Create a new Sheet from an R object:

iris_ss <- gs_new("iris", input = head(iris, 3), trim = TRUE)
#> Warning: At least one sheet matching "iris" already exists, so you may
#> need to identify by key, not title, in future.
#> Sheet "iris" created in Google Drive.
#> Range affected by the update: "R1C1:R4C5"
#> Worksheet "Sheet1" successfully updated with 20 new value(s).
#> Accessing worksheet titled 'Sheet1'.
#> Sheet successfully identified: "iris"
#> Accessing worksheet titled 'Sheet1'.
#> Worksheet "Sheet1" dimensions changed to 4 x 5.
#> Worksheet dimensions: 4 x 5.

Edit some arbitrary cells and append a row:

iris_ss <- iris_ss %>% 
  gs_edit_cells(input = c("what", "is", "a", "sepal", "anyway?"),
                anchor = "A2", byrow = TRUE)
#> Range affected by the update: "R2C1:R2C5"
#> Worksheet "Sheet1" successfully updated with 5 new value(s).
iris_ss <- iris_ss %>% 
  gs_add_row(input = c("sepals", "support", "the", "petals", "!!"))
#> Row successfully appended.

Look at what we have wrought:

iris_ss %>% 
  gs_read()
#> Accessing worksheet titled 'Sheet1'.
#> Parsed with column specification:
#> cols(
#>   Sepal.Length = col_character(),
#>   Sepal.Width = col_character(),
#>   Petal.Length = col_character(),
#>   Petal.Width = col_character(),
#>   Species = col_character()
#> )
#> # A tibble: 4 x 5
#>   Sepal.Length Sepal.Width Petal.Length Petal.Width Species
#>   <chr>        <chr>       <chr>        <chr>       <chr>  
#> 1 what         is          a            sepal       anyway?
#> 2 4.9          3           1.4          0.2         setosa 
#> 3 4.7          3.2         1.3          0.2         setosa 
#> 4 sepals       support     the          petals      !!

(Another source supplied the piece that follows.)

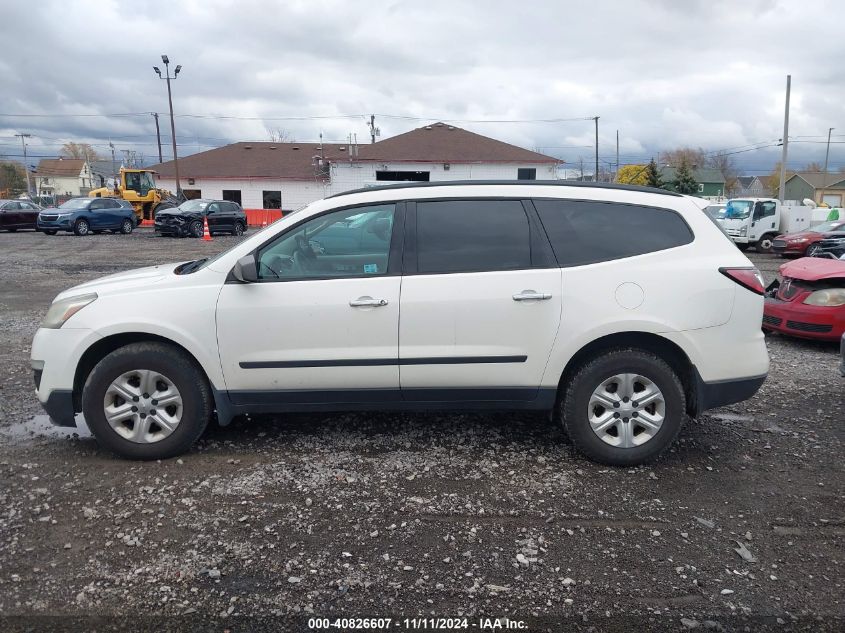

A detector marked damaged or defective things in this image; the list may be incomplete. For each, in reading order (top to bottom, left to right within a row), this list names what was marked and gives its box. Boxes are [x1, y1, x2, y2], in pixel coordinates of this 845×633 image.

Download this precious thing as csv (other formats are possible):

iris_ss %>% 
  gs_download(to = "iris-ish-stuff.csv", overwrite = TRUE)
#> Sheet successfully downloaded:
#> /Users/jenny/rrr/googlesheets/iris-ish-stuff.csv

Download this precious thing as an Excel workbook (other formats are possible):

iris_ss %>% 
  gs_download(to = "iris-ish-stuff.xlsx", overwrite = TRUE)
#> Sheet successfully downloaded:
#> /Users/jenny/rrr/googlesheets/iris-ish-stuff.xlsx

Upload a Excel workbook into a new Sheet:

gap_xlsx <- gs_upload(system.file("mini-gap", "mini-gap.xlsx",
                                  package = "googlesheets"))
#> File uploaded to Google Drive:
#> /Users/jenny/resources/R/library/googlesheets/mini-gap/mini-gap.xlsx
#> As the Google Sheet named:
#> mini-gap

Clean up our mess locally and on Google Drive:

gs_vecdel(c("iris", "Gapminder"))
file.remove(c("iris-ish-stuff.csv", "iris-ish-stuff.xlsx"))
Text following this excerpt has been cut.